Кончается ужин. Я осмотрел стол, немного поправил, чтобы все осталось как после ужина сытых интеллигентных людей, ребята одобрили это, нельзя перед нашей доброй королевой выступать в униженном положении, ведь она нас принимает как художников, несмотря на конвой и то, что мы пленные. Нас никто не провожал, некому было сказать спасибо, но и это, мы понимали, делалось специально, чтобы не ставить нас в униженное положение.
Конвоиры ведут нас через город в лагерь. Было странно идти по улицам города, хотя и посередине мостовой, как арестантам, но идти по улицам; после проволоки Бо-ровухи это было свободой. Дома многие разбиты бомбежкой или обгорели, люди одеты в то, что у них осталось от прежней жизни. Но удивительно, как быстро все утрачивают свою принадлежность прошлому, как новое время рождало свою «моду», корректируя ее военными условиями. Ватники и сапоги с отогнутыми голенищами — у мужчин, платки и мужские пиджаки на женщинах, оставшихся без мужей, это сделалось обычным; мы шли, на все обращая внимание.

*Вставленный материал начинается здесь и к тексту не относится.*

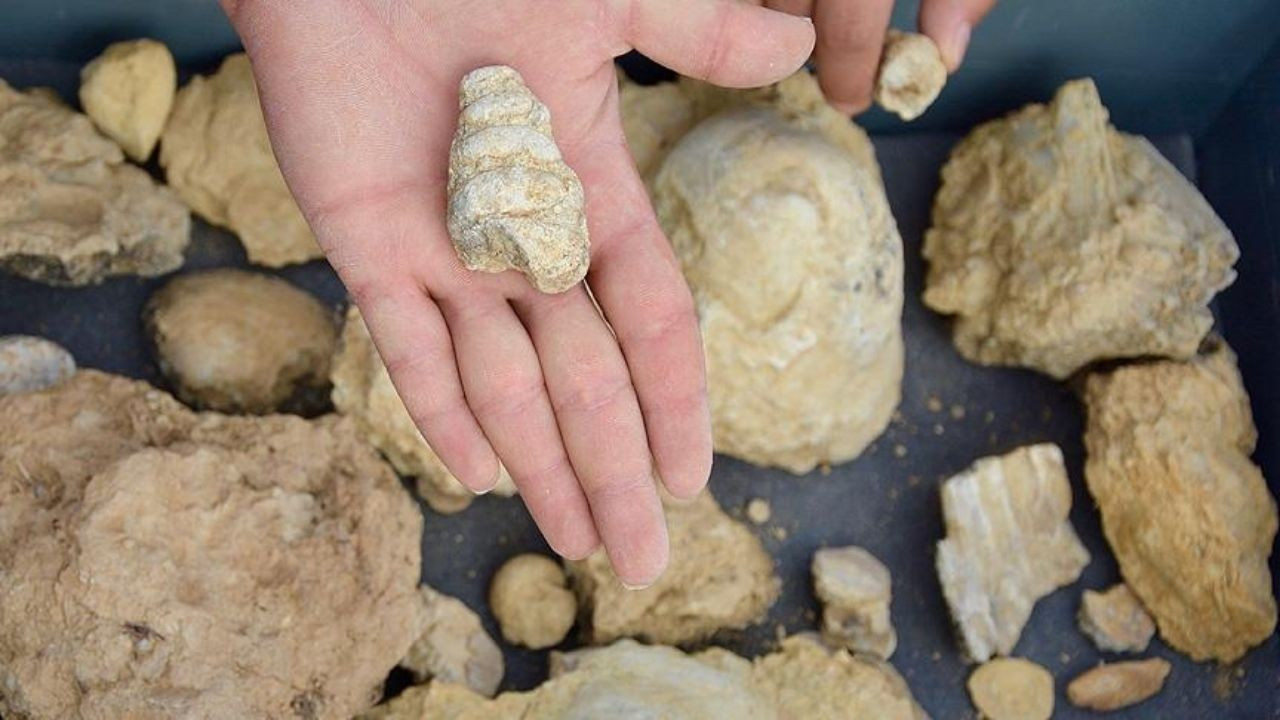 Suudi Arabistan'da 80 milyon yıllık kalıntı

Дорога пошла совсем разъезженная. Вокруг одноэтажные домики, мы уже на окраине. Над нами чистое небо с нежной зарей раннего вечера длинного весеннего дня.

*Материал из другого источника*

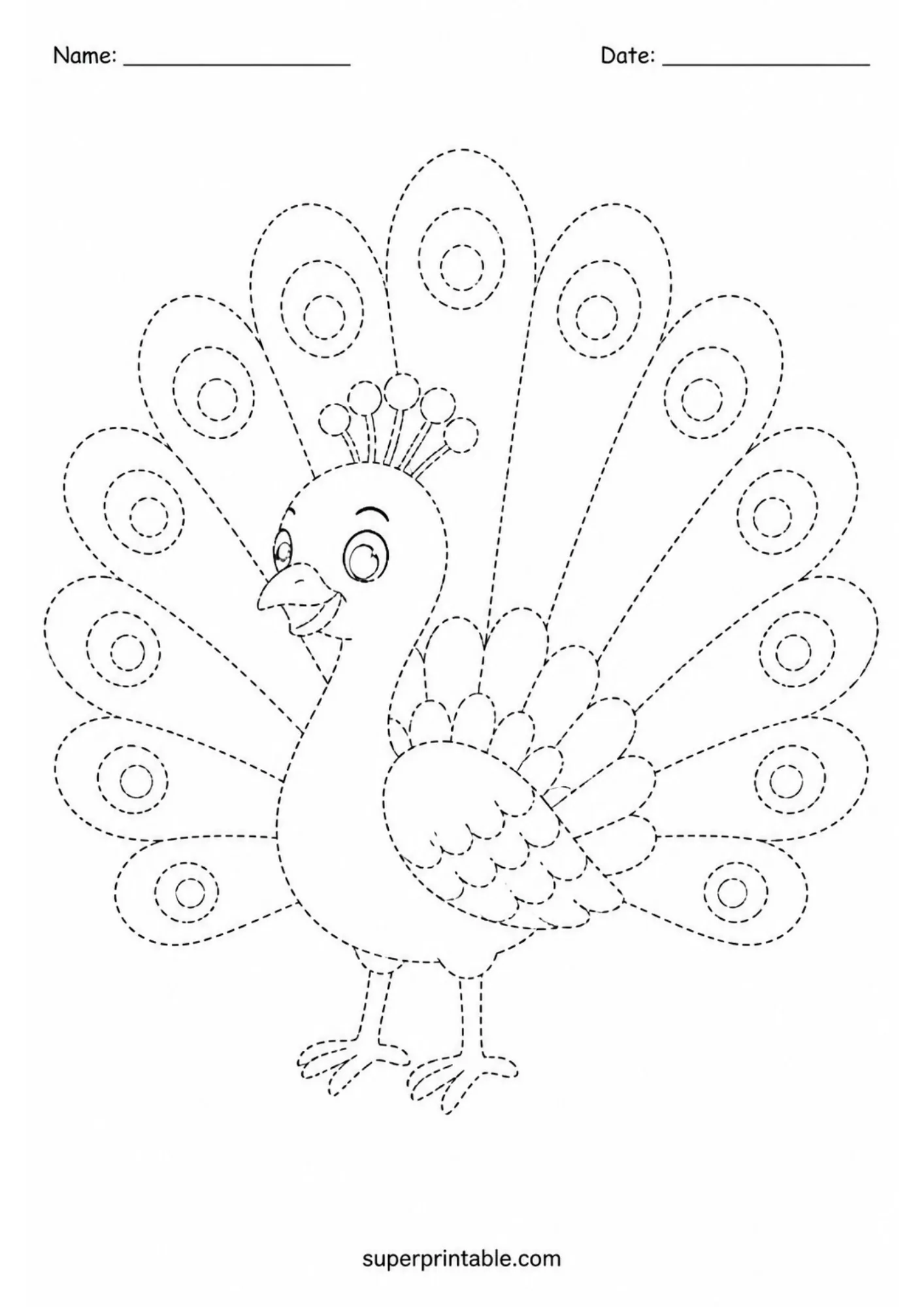 Proud peacock with fanned tail feathers preschool line tracing worksheet.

Лагерь в Полоцке размещается на территории бывшего военного городка, мы подходим к проволоке, укутавшей заботливой паутиной голодную массу людей. Договариваемся с нашим конвоем, что завтра ровно в семь будем ждать их возле ворот. Нас впускают на территорию огромного лагеря.

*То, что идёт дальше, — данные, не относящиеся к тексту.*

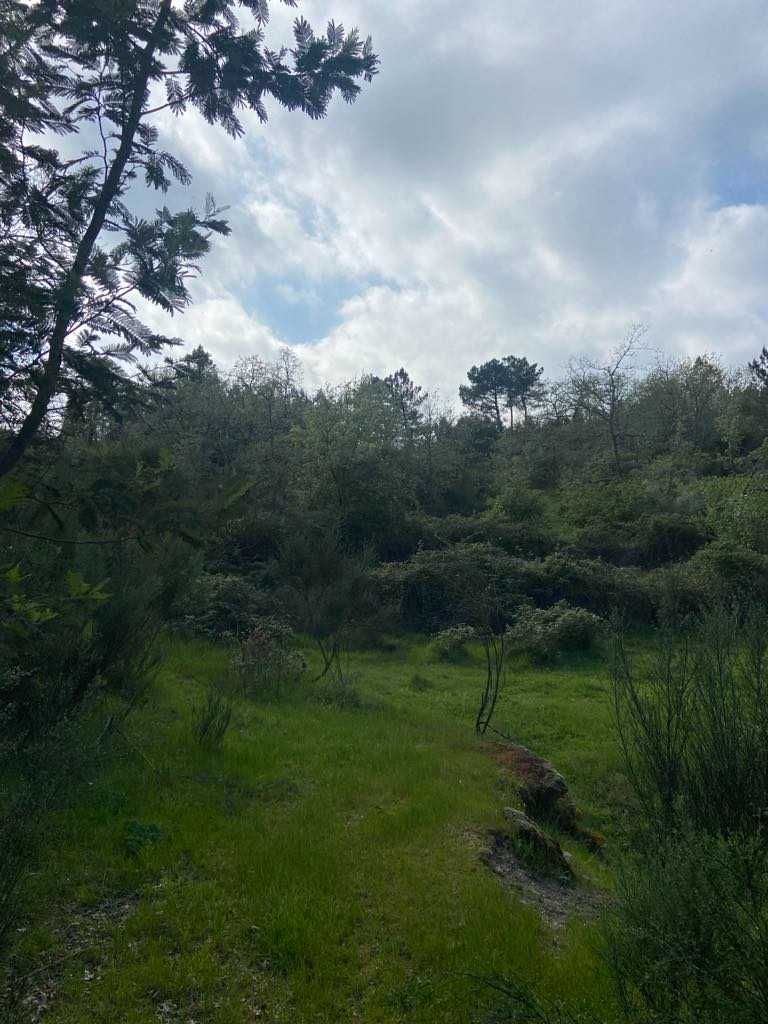 Terreno para venda junto à barragem de Bouça Cova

Поодаль стоят пятиэтажные и трехэтажные казармы, плац вытоптан тысячами ног, нигде ни одного листка зеленой травы. Посередине тянулось странное сооружение метров тридцати-сорока длиной. На высокие столбы, соединенные перекладинами, положены две доски, образующие узкий хлиплый помост, к нему с одной стороны приставлена лестница. На земле под помостом — ряд огромных бочек, часть на двуколках. Мы стояли и недоумевающе смотрели, как обессиленный военнопленный в натянутой на уши пилотке с отвернутыми краями, в деревянных колодках влезал по ступенькам лестницы наверх, затем по качающимся доскам, с трудом передвигая ноги, держась одной рукой за перила, чтобы не упасть, дошел до середины и начал копаться, расстегивая ремень брюк. Плац огромный, на нем тысячи людей — и вдруг, чтобы сделать то, что мы привыкли делать в интимной обстановке, человек, превозмогая стыд, должен сделать при всех, над головами людей. А ветер и снег, дождь, намерзлые доски. И нужно попасть в бочку, иначе будут бить, а затем заставят руками убирать испражнения. Мы были подготовлены ужасами нашего лагеря, но додуматься, что можно так издеваться над людьми… Стояли молча на плацу ужаса. Как просто можно растоптать человеческое достоинство, привести людей к скотскому состоянию. Да, этого они и добиваются, это они и хотят сделать с нами, все продумано их учеными, их интеллигенцией, все решительно, чтобы нас уничтожить физически и морально, есть место на земле только высшей, арийской, расе.